─── Data for this task
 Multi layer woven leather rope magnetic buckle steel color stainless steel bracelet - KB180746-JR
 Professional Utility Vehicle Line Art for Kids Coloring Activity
──────
─── Data for this task
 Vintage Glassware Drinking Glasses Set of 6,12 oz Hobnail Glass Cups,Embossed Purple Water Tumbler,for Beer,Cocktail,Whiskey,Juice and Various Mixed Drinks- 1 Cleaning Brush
──────
─── Data for this task
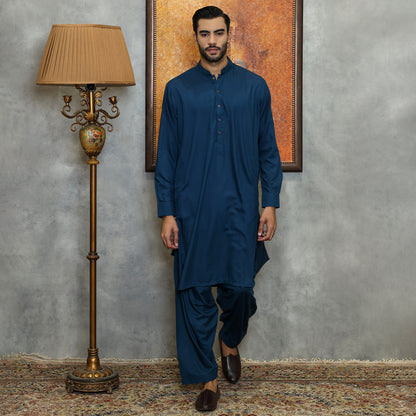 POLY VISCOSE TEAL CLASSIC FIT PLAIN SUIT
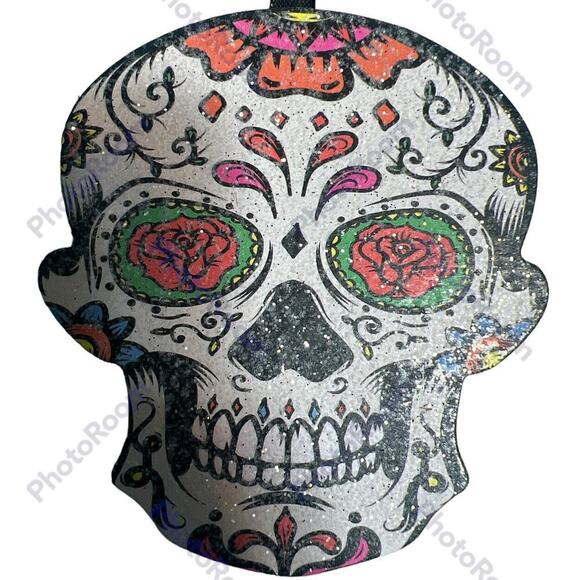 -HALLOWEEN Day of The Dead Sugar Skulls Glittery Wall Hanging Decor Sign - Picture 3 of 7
──────
(To do):
From the entries above, restate word for word the lines from the line containing "Multi layer woven" to the line containing "Professional Utility Vehicle", both ends included, and nothing more.

(The completed task):
 Multi layer woven leather rope magnetic buckle steel color stainless steel bracelet - KB180746-JR
 Professional Utility Vehicle Line Art for Kids Coloring Activity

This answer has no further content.